You would imagine, you would hope that this should cause the world to stop and think and decide: no more weapons, no more war. But no, the masters of war want ever more weapons, ever more war, ever more profits.
And what about those whose involvement in weapons manufacture or war- making up to now has been limited. Wouldn’t you think they would say – no – not us – we will travel a different path, a path towards peace and development.
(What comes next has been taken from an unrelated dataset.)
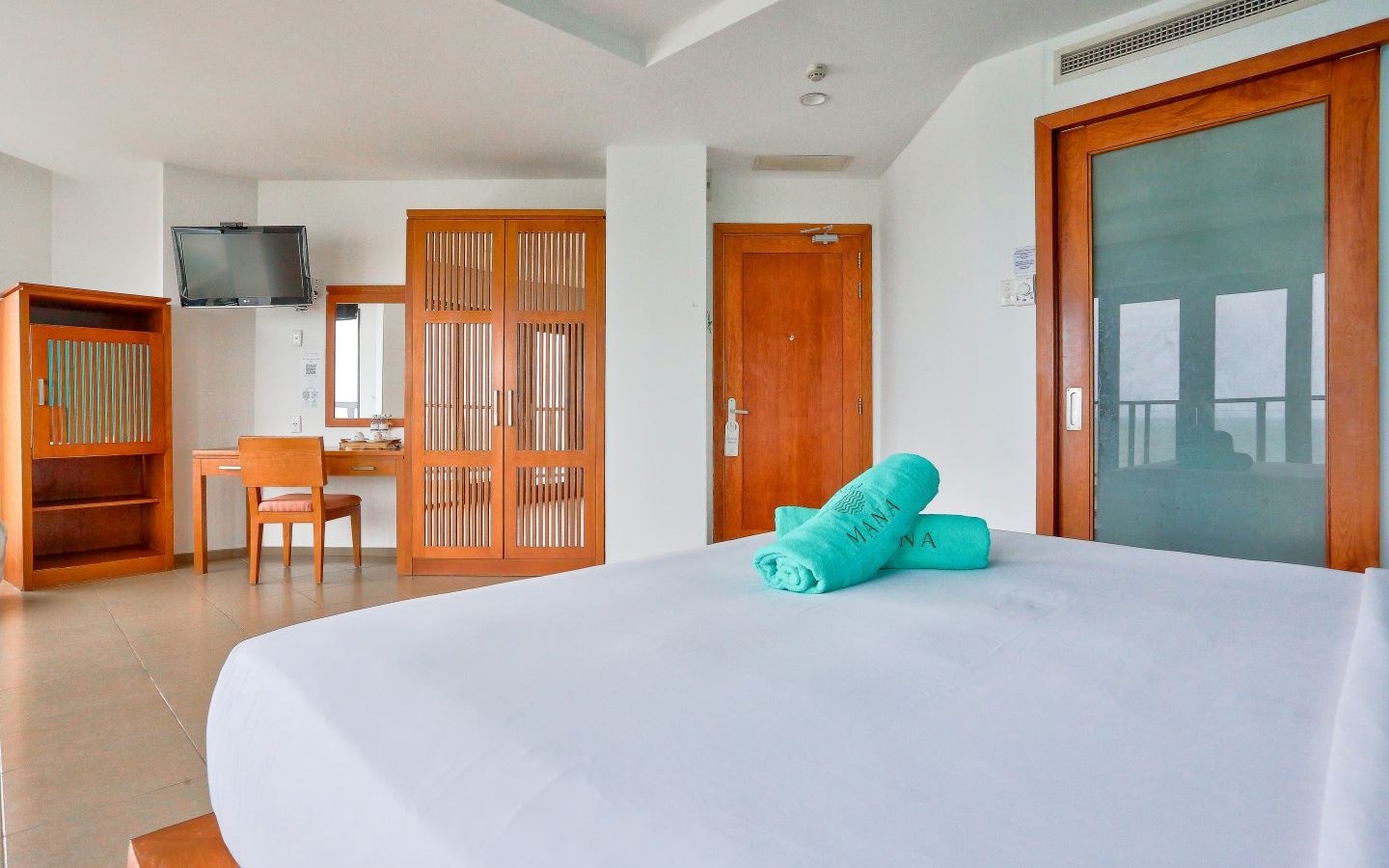 rooms-beachfront-suite-with-balcony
But no – the Republic of Ireland whose involvement in arms manufacturing has been limited but growing up to now has – in the week following COP 26 – publicly launched a weapons manufacturing drive to entice small and medium-sized businesses into the war industry, which is one of the greatest sources of carbon emissions.
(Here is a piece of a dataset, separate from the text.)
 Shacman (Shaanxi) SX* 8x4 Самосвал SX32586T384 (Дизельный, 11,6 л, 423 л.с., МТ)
It is in this context that a new initiative supported by many organisations and individuals devoted to peace and opposed to war was launched by Nobel Peace Laureate Mairéad Maguire in Downpatrick on the birth date of Colmcille, December 7th.
This initiative is called the Downpatrick Declaration and it is an attempt to shout ‘stop’ to the slide towards greater war-mongering, addressed to Governments on these Islands. The Declaration takes its lead from the Belfast/Good Friday Agreement in which the Irish and British Governments affirmed “their total and absolute commitment to exclusively peaceful means of resolving differences on political issues, and opposition to any use or threat of force for any political purpose.”
How can this tally with the granting of a £30 million contract to a company based in Belfast – a city that still bears the scars of 30 years of conflict – to develop military drones or with the Irish government’s invitation to small and medium-sized businesses, in Ireland to ‘make a killing’ in the war industry?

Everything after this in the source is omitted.